The $treeSize(n)$ function is designed to calculate the number of leaf nodes in a spherical tree structure. The tree is generated by recursively exploring points in three-dimensional, discrete space, adhering to certain rules.
A point in the tree is represented by three coordinates $(x,y,z)$, where the initial point is at the center $(0,0,0)$ and $x, y, z \in \mathbb{Z}$. In what follows, $(x,y,z)$ means the point being tested.
The tree expands in a spherical manner, and each level away from the center is called a shell.
Each point on the shell allows traversal in the six von Neumann directions: positive and negative $x$, $y$, and $z$ ($d=\{0...5\}$). The value $\ell$ is the Manhattan distance between the center and the current point. $$\ell=|x-0|+|y-0|+|z-0|.$$
At any $\ell$, movement is allowed only if the corresponding coordinate is greater in magnitude than the current coordinate's magnitude. This ensures that the shell will always expand.

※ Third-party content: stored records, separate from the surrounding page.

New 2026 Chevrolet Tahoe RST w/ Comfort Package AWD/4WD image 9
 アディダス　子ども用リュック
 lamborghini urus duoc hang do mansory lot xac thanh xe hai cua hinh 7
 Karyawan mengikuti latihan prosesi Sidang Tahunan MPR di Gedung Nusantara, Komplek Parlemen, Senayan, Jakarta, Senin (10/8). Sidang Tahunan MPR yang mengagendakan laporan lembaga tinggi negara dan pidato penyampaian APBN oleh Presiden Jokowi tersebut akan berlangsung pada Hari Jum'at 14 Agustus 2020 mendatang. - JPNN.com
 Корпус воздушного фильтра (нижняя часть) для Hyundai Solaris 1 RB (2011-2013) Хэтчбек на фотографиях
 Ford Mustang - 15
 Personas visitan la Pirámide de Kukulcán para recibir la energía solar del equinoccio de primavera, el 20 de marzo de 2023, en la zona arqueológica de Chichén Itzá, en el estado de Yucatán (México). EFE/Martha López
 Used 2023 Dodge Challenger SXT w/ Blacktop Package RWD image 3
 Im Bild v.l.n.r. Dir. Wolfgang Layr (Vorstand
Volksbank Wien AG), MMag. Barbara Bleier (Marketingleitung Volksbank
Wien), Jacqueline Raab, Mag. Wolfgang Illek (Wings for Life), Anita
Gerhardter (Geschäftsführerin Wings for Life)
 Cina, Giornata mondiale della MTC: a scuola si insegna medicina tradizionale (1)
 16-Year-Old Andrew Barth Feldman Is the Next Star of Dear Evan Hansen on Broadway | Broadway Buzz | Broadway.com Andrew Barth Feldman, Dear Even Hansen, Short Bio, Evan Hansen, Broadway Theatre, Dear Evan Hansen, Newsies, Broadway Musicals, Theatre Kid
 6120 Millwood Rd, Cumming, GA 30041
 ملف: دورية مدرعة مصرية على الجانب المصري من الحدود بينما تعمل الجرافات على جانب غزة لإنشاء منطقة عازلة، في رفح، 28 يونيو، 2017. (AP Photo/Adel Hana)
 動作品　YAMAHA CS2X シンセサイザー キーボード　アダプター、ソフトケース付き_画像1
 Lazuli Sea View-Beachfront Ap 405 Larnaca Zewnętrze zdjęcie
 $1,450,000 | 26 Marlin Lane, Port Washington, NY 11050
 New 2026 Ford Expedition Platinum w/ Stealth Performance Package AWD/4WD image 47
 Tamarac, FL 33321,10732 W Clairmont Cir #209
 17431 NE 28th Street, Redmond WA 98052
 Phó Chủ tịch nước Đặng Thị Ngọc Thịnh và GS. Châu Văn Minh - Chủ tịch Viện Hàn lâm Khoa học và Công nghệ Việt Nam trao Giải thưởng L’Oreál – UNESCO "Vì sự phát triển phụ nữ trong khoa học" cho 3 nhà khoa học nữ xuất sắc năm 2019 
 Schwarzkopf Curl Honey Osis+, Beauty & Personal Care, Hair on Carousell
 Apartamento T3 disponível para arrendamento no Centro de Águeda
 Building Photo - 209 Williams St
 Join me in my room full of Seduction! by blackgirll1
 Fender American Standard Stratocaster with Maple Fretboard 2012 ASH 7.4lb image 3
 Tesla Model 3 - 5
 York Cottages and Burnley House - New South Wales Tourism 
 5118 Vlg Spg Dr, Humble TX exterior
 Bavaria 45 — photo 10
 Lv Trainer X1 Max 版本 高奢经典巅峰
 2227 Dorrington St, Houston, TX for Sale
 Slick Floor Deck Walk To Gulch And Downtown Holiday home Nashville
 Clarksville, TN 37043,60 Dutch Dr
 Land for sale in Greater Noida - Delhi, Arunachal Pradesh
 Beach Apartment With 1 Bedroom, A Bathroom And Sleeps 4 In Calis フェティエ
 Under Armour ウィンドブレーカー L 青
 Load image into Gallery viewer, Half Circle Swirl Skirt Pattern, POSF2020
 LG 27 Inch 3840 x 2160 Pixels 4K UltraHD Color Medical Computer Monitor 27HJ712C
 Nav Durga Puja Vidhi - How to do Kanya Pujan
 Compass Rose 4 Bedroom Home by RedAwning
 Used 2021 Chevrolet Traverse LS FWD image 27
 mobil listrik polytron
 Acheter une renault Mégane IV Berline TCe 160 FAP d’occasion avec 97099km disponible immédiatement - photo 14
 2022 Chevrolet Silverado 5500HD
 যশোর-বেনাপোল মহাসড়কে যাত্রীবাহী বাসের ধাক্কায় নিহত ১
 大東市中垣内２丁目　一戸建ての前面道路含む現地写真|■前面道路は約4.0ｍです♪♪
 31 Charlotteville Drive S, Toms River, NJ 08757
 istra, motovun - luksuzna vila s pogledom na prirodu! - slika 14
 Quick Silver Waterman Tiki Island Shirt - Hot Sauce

$$x^2+y^2+z^2\,>\,x_0^2+y_0^2+z_0^2,$$
where $(x_0,y_0,z_0)$ is the previous point. Also, the search depth obeys this constraint
$$x^2+y^2+z^2\,\leq\,2^{2n}.$$
At the first $\ell$, all six directions are allowed.
Let $$ \begin{aligned} dx &= \begin{cases} 1, & \text{if } x < 0 \\ 0, & \text{otherwise} \end{cases} \\ dy &= \begin{cases} 3, & \text{if } y < 0 \\ 2, & \text{otherwise} \end{cases} \\ dz &= \begin{cases} 5, & \text{if } z < 0 \\ 4, & \text{otherwise} \end{cases} \end{aligned}.$$
Movement parallel to the axes ($x$, $y$ or $z$) is allowed if this condition is satisfied:
$${(y\neq0\land z\neq0\land\text{d}=\text{dx})\lor(x\neq0\land z\neq0\land\text{d}=\text{dy})\lor(x\neq0\land y\neq0\land\text{d}=\text{dz})}$$
- Movement within planes ($xy$, $xz$, or $yz$) is allowed based on a specific pattern, taking into account the $\ell$'s parity.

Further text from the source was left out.